For the benefit of anyone who hasn’t been following the development of Sapphire, let me summarise this quickly. Sapphire is the name of a new programming language being developed by SapphireSteel Software to be implemented on Microsoft’s DLR (Dynamic Language Runtime) for .NET. It will be a highly encapsulated OOP language with an accessible syntax similar - though not identical - to that of Ruby. Its principal design goals are: simplicity, efficiency and reliability. It is not a version or a ‘fork’ of Ruby. It is a totally new language designed from the ground up. SapphireSteel Software shall, of course, continue to support Ruby as well as Sapphire.
Anyway, now that we have the grammar, let me explain what the testing and documenting phase involves. What we plan to do is to go through every tiny bit of the language defined by our grammar (for example, variable declarations, lambda functions, accessor methods and so on) and write small sample programs illustrating that specific language element. In other words, we’ll turn the formal language definition into real bits of Sapphire code. We then have to check that these bits of code are, in fact, allowed by our grammar. In order to do that we will feed them into the ANTLR grammar parser and, all being well, this will generate a structure in which each token - all the identifiers and punctuation - is shown on its own branch of a grammar tree.

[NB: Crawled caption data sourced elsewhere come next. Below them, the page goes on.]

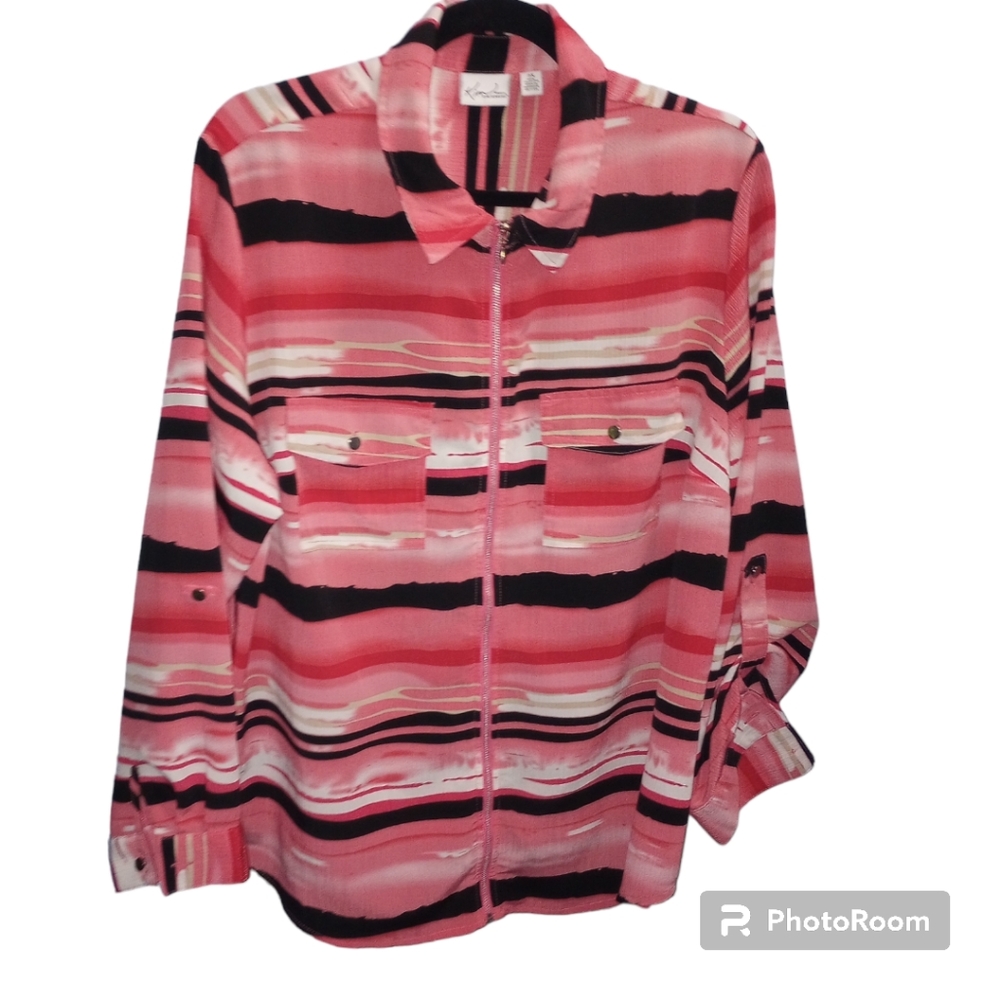 Kim Rogers striped long sleeve zipy size 2X - Picture 2 of 4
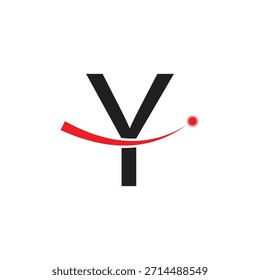 Bold Letter Y Logo Design with Dynamic Red Swoosh and Starburst | Modern Corporate Monogram Initial Icon | Technology, Success, and Leadership Brand Symbol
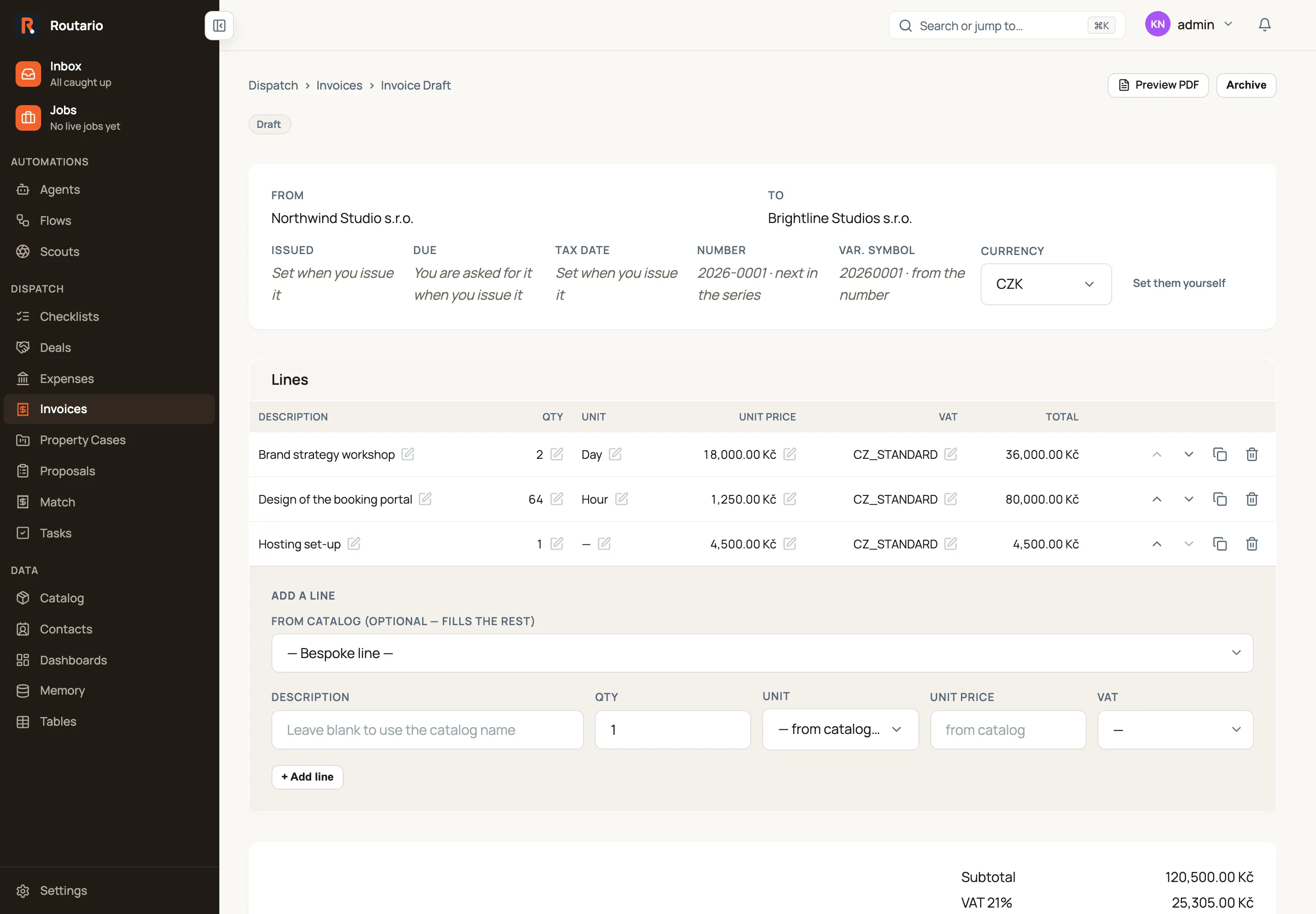 A draft invoice in Routario. The facts row reads "Set when you issue it" for the issue and tax dates, "You are asked for it when you issue it" for the due date, "2026-0001 · next in the series" for the number and "20260001 · from the number" for the variable symbol, next to a Currency picker set to CZK and a "Set them yourself" link. Below it, three lines (Brand strategy workshop, Design of the booking portal, Hosting set-up) each have a pencil beside every value and buttons to move, duplicate or remove the line, followed by the "Add a line" band.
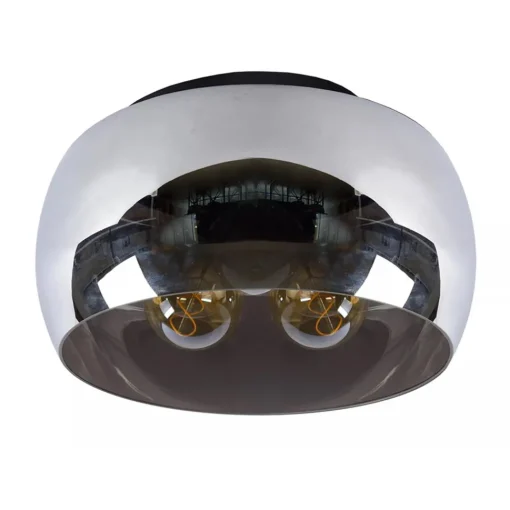 Straluma Plafondlamp zwart + smoke glas 40cm> Plafondlampen|Luxe Verlichting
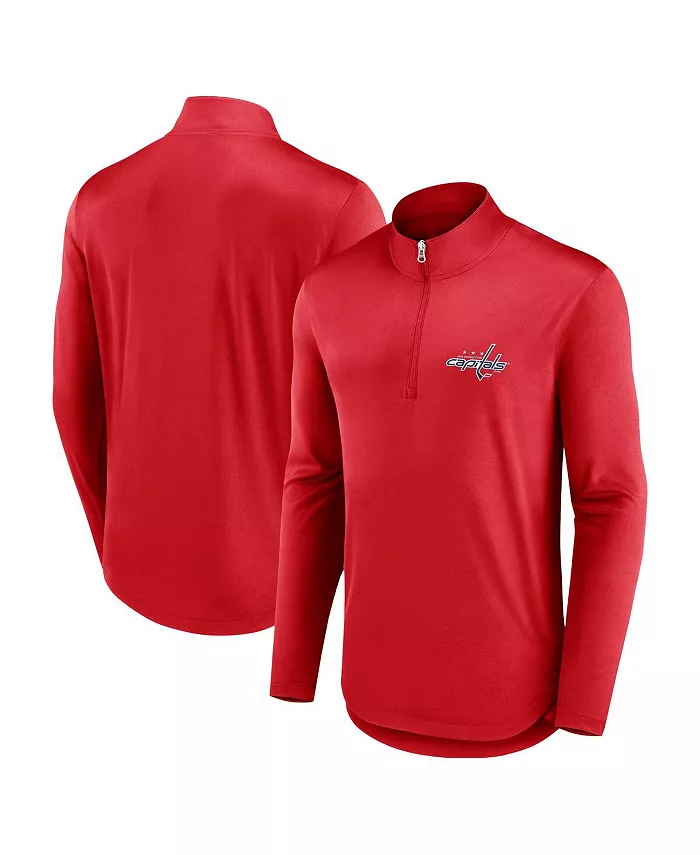 

Толстовка Men's Red Washington Capitals Mock Neck Quarter-Zip Top Fanatics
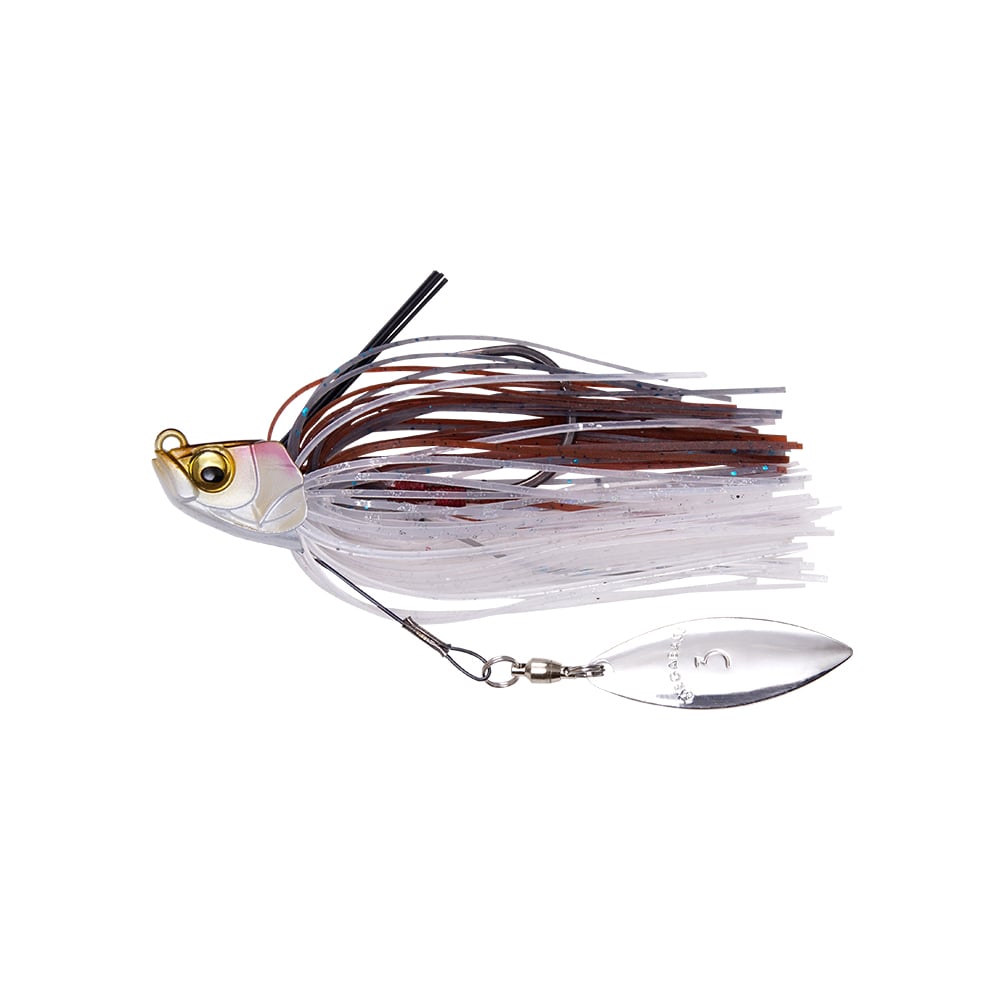 The Megabass Uoze Swimmer Swim Jig by Megabass is a fishing lure designed with a realistic fish head, transparent fin-like attachments, and a gleaming metal blade. It features layered silicone skirts in white, brown, and black to mimic fish scales, making it perfect for attracting fish.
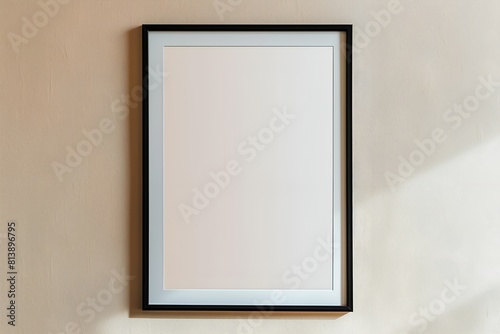 Blank white frame on a wall for mock-up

If ANTLR fails to parse the example code, this either means that the code is wrong or that our grammar is wrong.
This long, nit-picking testing phase serves three purposes:
- It checks that our grammar is correct.
- It lets us verify that the syntax of Sapphire is ‘nice’: clear, succinct, unambiguous and elegant.
- It ensures that we end up with a definitive language specification and a user guide.
At each step of the testing, I will be adding to and revising the ‘human readable’ language definition document and also writing chapters in a step-by-step ‘manual’ to ensure that people will be able to learn to use Sapphire easily. As readers of this blog will know, we place a great deal of importance on good documentation and it is our intention to release the Sapphire specification and user guide at the same time as the release of our implementation of the Sapphire language itself.
As always, we’ll keep you informed of the ongoing development of Sapphire here on the blog.